A Festa do Rosário é um importante evento religioso/popular que anualmente acontece em Pombal, sempre ao primeiro domingo de outubro, no sertão paraibano. Historicamente atrai gente de todos os lugares, na sua maioria filhos da terra residentes n’outros estados da região, até mesmo no centro-sul do país.

Às vezes até parece uma romaria qual aquelas que ocorrem em alguns tradicionais santuários da região. Os filhos da terra, principalmente os que moram mais distantes arrumam as suas tralhas e viajam em direção a terrinha fim de venerar a Santa do Rosário. Ao chegar aproveitam o momento para rever amigos e parentes que há muito não os vêem.


A festa tem inicio a partir do hasteamento da bandeira na última quinta-feira do mês de setembro.  Normalmente, os parques de diversões costumam chegar antes desse momento. Em tempos passados o Parque Maia era o que mais se fazia presente, por isso era o primeiro a chegar. Era tanto que muitos operadores dos equipamentos de diversões tornaram-se íntimos da população.  

O serviço de alto-falante do parque era uma atração a parte. Músicas típicas da época incendiavam os corações dos jovens apaixonados. Nelson Gonçalves, Orlando Dias, Anísio Silva, Silvinho, Altemar Dutra, eram os preferidos dos ouvintes.
Os pedidos de músicas, acompanhados de dedicatórias aconteciam com muita freqüência. Coisas do tipo, “alguém oferece esta música a outro alguém com o coração partido de saudades”.  “Alô, alô alguém que esta de vestido amarelo com bolinhas azuis, escuta esta música oferecida por um alguém que muito te ama”.

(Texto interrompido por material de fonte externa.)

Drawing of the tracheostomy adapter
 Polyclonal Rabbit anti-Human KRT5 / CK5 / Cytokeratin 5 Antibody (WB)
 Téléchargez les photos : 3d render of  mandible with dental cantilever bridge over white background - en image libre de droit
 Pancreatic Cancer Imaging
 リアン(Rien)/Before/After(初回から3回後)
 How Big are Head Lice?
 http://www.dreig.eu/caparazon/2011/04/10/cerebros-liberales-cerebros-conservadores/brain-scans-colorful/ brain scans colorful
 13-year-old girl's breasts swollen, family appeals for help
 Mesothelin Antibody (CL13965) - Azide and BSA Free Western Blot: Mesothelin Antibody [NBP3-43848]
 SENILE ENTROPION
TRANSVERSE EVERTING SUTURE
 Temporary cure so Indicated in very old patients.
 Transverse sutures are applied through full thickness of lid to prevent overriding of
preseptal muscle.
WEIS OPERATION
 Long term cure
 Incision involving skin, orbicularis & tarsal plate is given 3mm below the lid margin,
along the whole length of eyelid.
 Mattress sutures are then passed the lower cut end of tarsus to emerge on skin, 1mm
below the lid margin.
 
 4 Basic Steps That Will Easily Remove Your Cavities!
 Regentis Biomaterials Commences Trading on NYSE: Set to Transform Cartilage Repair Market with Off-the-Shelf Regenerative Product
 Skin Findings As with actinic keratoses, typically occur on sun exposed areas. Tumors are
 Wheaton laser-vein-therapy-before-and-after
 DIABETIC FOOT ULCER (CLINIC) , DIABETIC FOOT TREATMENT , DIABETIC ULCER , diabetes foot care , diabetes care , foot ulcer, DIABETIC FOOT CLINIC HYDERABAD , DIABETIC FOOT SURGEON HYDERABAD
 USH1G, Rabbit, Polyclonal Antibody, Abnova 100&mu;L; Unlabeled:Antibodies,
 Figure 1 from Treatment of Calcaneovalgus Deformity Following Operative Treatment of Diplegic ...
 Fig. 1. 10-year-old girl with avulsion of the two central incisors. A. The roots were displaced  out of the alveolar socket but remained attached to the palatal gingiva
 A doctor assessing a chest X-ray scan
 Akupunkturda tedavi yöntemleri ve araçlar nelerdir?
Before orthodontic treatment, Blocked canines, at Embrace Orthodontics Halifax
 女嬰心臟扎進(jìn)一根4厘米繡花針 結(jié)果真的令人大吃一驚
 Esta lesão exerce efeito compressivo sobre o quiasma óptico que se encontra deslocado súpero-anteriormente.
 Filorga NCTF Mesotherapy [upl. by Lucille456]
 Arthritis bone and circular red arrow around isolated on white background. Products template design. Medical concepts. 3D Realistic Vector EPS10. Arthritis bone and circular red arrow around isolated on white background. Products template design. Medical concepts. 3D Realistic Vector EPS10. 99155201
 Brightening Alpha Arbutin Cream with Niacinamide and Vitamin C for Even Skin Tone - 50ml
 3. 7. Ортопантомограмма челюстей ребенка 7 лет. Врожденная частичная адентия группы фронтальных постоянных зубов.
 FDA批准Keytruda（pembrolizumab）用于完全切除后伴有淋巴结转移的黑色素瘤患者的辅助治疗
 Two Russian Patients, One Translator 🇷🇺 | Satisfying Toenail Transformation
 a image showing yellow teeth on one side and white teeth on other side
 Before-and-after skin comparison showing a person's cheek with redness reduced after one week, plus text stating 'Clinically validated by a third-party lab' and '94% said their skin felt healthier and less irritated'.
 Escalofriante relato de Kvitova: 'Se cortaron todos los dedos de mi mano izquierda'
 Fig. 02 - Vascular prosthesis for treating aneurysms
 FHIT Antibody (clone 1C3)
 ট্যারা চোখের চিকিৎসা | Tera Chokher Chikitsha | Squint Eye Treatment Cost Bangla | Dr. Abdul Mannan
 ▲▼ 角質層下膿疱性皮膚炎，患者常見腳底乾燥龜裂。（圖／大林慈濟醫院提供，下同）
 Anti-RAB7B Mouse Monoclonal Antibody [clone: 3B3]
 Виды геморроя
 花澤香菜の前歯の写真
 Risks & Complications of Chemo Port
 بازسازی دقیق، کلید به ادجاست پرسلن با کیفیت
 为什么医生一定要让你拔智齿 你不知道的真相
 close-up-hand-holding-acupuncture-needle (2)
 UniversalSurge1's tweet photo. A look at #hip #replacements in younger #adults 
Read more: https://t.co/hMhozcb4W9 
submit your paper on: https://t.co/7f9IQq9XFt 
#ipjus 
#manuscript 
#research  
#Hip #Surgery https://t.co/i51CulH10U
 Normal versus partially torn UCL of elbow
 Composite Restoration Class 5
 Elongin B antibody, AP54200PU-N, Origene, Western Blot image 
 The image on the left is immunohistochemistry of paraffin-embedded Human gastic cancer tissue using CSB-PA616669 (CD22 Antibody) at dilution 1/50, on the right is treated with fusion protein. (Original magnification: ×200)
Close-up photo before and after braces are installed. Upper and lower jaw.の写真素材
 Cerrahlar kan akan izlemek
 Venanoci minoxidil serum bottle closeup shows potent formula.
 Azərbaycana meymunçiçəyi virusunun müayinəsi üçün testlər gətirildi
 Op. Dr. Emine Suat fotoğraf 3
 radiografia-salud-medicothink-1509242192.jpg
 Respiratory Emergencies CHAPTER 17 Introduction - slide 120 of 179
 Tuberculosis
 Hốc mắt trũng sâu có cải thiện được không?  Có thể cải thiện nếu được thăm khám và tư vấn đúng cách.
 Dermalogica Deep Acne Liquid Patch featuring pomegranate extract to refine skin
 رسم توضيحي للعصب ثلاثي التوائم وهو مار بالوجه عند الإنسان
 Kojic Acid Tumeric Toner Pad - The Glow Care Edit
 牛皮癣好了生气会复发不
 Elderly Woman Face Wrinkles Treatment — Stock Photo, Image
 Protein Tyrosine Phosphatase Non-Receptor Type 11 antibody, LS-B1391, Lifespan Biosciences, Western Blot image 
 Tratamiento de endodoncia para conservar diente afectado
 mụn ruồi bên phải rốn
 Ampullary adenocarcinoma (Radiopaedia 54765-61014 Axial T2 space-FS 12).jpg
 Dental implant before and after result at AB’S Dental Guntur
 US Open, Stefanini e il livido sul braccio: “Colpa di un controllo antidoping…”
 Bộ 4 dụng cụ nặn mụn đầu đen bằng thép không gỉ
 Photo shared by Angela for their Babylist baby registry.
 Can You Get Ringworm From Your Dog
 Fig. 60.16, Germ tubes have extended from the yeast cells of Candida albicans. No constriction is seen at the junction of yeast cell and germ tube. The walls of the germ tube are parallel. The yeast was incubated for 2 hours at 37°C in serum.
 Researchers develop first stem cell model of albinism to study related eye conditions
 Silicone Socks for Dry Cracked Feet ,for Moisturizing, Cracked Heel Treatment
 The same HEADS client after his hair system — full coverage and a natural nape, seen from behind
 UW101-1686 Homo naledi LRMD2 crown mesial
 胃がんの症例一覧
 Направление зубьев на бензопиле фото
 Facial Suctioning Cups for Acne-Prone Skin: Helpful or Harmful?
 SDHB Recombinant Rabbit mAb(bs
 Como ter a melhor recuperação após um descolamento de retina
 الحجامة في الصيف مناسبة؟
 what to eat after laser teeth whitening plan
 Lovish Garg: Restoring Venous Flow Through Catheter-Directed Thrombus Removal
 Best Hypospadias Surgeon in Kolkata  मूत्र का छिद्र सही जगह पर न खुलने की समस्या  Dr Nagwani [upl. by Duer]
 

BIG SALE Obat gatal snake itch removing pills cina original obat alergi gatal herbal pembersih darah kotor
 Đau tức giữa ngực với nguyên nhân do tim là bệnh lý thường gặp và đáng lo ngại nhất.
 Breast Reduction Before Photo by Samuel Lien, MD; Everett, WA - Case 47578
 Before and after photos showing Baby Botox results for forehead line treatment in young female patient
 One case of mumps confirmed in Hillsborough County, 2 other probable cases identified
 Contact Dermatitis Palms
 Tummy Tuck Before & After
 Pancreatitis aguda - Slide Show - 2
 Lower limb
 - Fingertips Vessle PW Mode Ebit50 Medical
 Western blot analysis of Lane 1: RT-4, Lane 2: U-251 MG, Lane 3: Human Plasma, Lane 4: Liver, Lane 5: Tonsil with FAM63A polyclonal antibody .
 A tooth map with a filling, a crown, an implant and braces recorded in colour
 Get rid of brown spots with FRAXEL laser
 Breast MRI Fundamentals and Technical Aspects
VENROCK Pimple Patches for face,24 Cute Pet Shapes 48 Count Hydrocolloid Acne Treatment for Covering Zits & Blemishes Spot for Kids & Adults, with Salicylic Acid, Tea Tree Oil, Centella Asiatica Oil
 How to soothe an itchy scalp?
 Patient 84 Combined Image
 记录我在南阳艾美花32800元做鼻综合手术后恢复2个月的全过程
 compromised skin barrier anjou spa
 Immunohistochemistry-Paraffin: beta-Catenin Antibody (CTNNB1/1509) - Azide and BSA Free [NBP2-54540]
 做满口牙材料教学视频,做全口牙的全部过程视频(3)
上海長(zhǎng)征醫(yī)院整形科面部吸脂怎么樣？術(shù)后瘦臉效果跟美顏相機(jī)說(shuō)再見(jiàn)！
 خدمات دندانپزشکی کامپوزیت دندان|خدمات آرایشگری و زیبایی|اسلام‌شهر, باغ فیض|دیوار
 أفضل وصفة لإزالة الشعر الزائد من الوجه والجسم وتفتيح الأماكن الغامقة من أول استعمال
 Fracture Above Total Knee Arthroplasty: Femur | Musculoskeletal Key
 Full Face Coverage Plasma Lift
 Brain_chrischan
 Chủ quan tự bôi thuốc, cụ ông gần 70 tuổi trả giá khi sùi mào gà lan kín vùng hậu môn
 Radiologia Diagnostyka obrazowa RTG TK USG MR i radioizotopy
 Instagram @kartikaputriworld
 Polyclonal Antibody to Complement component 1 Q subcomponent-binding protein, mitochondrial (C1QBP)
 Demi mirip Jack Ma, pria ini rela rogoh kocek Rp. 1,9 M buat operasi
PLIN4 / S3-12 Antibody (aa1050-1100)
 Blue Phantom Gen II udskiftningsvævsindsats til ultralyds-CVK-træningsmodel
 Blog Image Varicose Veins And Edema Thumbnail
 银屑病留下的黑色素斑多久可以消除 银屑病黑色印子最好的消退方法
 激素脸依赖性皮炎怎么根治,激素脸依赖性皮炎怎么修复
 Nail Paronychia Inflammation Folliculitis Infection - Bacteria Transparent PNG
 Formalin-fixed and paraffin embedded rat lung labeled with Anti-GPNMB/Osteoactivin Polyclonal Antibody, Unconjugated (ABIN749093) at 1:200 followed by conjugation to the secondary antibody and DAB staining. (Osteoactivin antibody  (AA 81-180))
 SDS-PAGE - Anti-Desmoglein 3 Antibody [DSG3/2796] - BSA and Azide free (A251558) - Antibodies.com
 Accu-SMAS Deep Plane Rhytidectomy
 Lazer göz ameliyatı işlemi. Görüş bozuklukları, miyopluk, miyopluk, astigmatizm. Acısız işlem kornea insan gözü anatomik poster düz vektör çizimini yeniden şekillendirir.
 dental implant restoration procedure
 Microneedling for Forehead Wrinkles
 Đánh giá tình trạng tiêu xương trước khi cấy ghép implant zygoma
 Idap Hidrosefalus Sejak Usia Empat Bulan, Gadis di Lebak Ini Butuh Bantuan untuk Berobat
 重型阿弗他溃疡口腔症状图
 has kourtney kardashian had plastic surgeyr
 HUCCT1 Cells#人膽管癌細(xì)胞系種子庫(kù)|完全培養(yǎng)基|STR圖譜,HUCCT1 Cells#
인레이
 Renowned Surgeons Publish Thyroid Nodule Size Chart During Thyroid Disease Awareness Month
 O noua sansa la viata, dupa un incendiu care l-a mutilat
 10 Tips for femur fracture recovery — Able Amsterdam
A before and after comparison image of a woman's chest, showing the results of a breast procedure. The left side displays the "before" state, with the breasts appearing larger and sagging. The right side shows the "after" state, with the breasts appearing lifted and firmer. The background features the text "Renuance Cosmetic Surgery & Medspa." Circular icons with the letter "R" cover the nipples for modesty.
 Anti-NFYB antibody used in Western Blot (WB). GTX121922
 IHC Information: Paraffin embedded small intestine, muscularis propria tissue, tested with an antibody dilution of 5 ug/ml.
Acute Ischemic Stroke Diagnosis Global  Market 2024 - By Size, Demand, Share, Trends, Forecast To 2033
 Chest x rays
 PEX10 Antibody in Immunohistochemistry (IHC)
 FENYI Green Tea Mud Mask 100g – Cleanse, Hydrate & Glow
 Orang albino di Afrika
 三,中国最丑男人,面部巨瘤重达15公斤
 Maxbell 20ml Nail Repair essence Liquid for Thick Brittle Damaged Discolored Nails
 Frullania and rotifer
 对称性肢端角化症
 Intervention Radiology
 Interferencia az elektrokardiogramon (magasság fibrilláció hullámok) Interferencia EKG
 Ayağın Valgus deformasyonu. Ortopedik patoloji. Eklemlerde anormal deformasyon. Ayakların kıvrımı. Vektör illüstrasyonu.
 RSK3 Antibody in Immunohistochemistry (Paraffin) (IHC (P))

As oferendas musicais continuavam noite a dentro. “Alô alguém que tanto amei, preste atenção, Carlos Alberto canta Lado a Lado, Eu, Inaldo de Joca ofereço-lhe esta música como lembrança do nosso amor que a distância e o tempo destruíram, não foi”? Ao redor do estúdio a fila continuava firme a fim de dar continuidade o festival de dedicatórias musicais. Isto acontecia todas as noites enquanto a festa durasse.

Ademais, carrosséis, canoas, rodas gigantes entre outros entretenimentos, faziam a alegria do povaréu. A população rural, em massa, deslocava-se pra cidade a fim de venerar a Santa do Rosário, bem como aproveitar o momento pra se divertir, depois de um ano de sofreguidão nas lides rurais.    

Como acontece até hoje, os espaços reservados a festa, eram tomados por centenas de barracas construídas com galhos de mofumbos, palhas de cocos, papelões, lonas, entre outros. Atualmente as barracas são mais estilizadas, higiênicas, mais confortáveis, para quem as procuram para uma boa conversa, bebericar e se deliciar com um bom tira-gosto.
Nas barracas de outrora, bebiam-se cervejas, não tão geladas como deveriam ser, cachaça, entre outras bebidas, com o acompanhamento de tira-gostos diversos. Os tira-gostos mais procurados eram: tripas torradas, petiscos de carne do sol, galinha de capoeira, ainda a arribação, a parede mais procurada, isto é, antes do Ibama chegar à região.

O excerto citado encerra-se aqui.